When his feet hit solid ground, a cold, granite floor, it took Snape the duration of several heartbeats to adjust to the darkness that surrounded him. He could see nothing at first, nothing at all, but could only hear a hushed voice coming out of the shadows. His very own voice. He blinked a couple of times, and in the end, he could make out his own frame in the darkness. He was sitting on a chaise longue with his back straight and his head held high, and beside him, shaking with tears, was the seventeen-year-old Nadezhda McKibben.

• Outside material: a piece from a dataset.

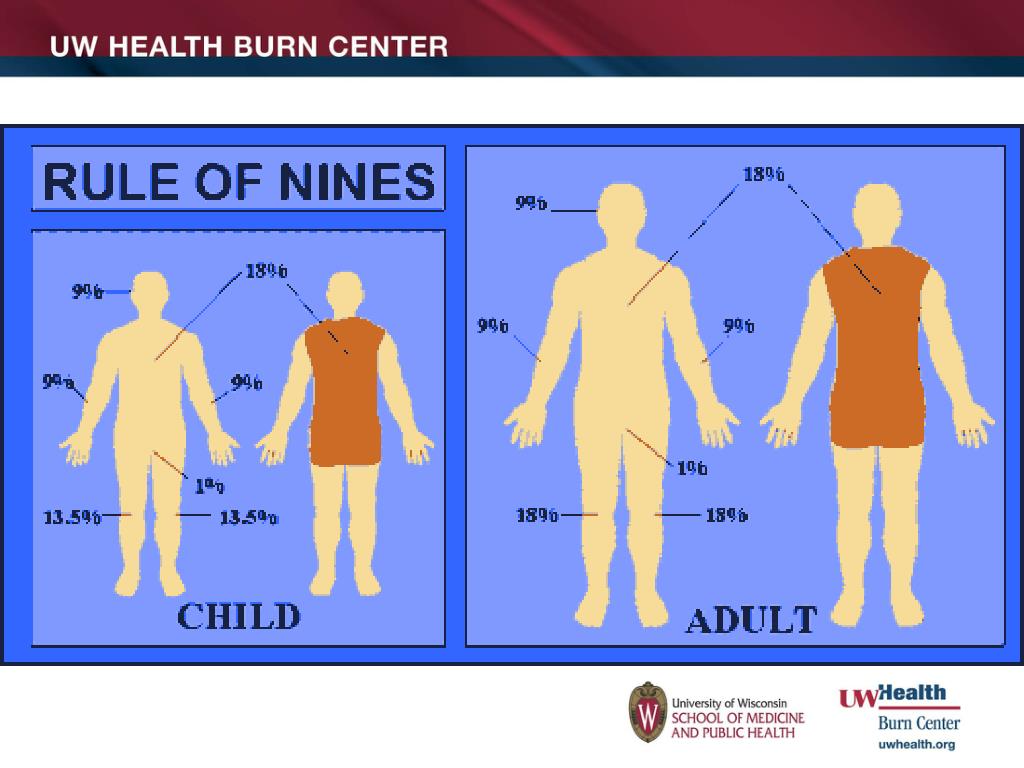 Rule Of Nines Burn Chart Children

Snape frowned. Now that his eyes had become accustomed to the darkness, he recognised the room Hope’s memory had led him to. It was the library of Riddle Manor. A gloomy, dusty place. He knew it well, of course. The Dark Lord had granted him audience there more than once. Yet Snape had no recollection whatsoever of being there with Nadezhda.
‘How did Barty find you?’ he heard himself ask.
‘He was already at the other house,’ Nadezhda answered through a flood of tears. ‘Some... something had happened there. An explosion. I don’t know. He was there and the Lestranges. They were fighting another man, but he Disapparated when he saw Bellatrix.’
Barty, Bellatrix, an abandoned mansion and the mention of an explosion… Snape felt his stomach lurch as he realised in what night he had landed. This must be Halloween, the cursed Halloween of 1981.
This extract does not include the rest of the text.